A pivotal trend in the Bratislava office market is the clear preference for modern and sustainable buildings. An impressive 82% of all leased spaces in Q2 2025 were within Class A+ and A buildings, underscoring tenants' commitment to energy efficiency, employee well-being, and corporate social responsibility. This move reflects a broader strategic imperative for businesses to occupy spaces that align with contemporary operational standards and sustainability goals.

Bratislava's Office Market: Q2 2025 Snapshot

Lease Activity and Key Players

The second quarter saw re-negotiations dominating leasing activity, accounting for 55% of all transactions. New leases comprised 35%, pre-leases 8%, and expansions 2%. While the total volume of leases reached 36,520 m², a year-on-year decrease of 39%, the net take-up stood at 16,445 m². The public sector was remarkably active, contributing 31% to overall demand, followed by professional services and the IT sector, both at 13%.

Vacancy Rates and Regional Performance

The overall vacancy rate slightly decreased to 12.59% under the original methodology. However, with a new, more realistic methodology, the adjusted vacancy rate stands at 14.41%. Areas like City Center (6.70%) and South Bank (8.32%) boasted the lowest vacancy rates, indicating high demand for prime locations. Conversely, Outer City saw its vacancy rise to 17.65%, suggesting evolving tenant preferences and a potential for new opportunities in these areas.
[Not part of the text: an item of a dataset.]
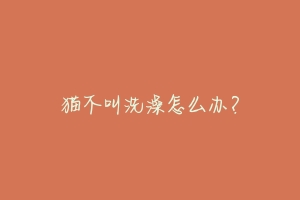 猫不叫洗澡怎么办？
Understanding the New Market Methodology

Bratislava's office market is now adopting a revised methodology for calculating office supply. This new approach excludes owner-occupied and state-owned buildings, focusing solely on commercially available spaces. This provides a more accurate and transparent picture of the true market offering. Consequently, the total office supply for Q2 2025, originally 2.05 million m², has been revised down to 1.76 million m² after removing approximately 283,000 m² of self-occupied and state-owned properties.

Limited Supply Fuels Rising Rents and Future Development

The year 2025 is marked by historically low new office supply. This limited availability of modern spaces is exerting upward pressure on rental prices. The highest achievable rents in Bratislava have climbed to €20.50/m²/month, representing an 8% increase year-on-year. Despite this constrained supply, several key projects are under construction or planned, offering future growth. Zváračák (4,000 m²) is expected to be completed by the end of 2025. Projects like Dunaj (7,300 m²) and Ganz House (9,400 m²) are slated for completion in 2026. Further additions are anticipated in 2027, including Chalupkova Offices (19,500 m²), Istropolis Atrium (15,500 m²), and the new ZSE headquarters (10,000 m²).

Expert Outlook: A Market Driven by Quality and Sustainability

Oliver Galata, Head of Office Leasing at CBRE, emphasizes the significance of these trends: “The new methodology provides a more realistic view of the market and clearly shows that demand for quality and sustainable spaces remains strong. Despite a slightly higher vacancy rate, the supply of modern offices remains limited, pushing rents upwards.” He concludes, “Bratislava is thus strengthening its position as a dynamic office destination, where the demand for premium spaces, the trend of sustainability, and the stability of key tenant sectors converge.”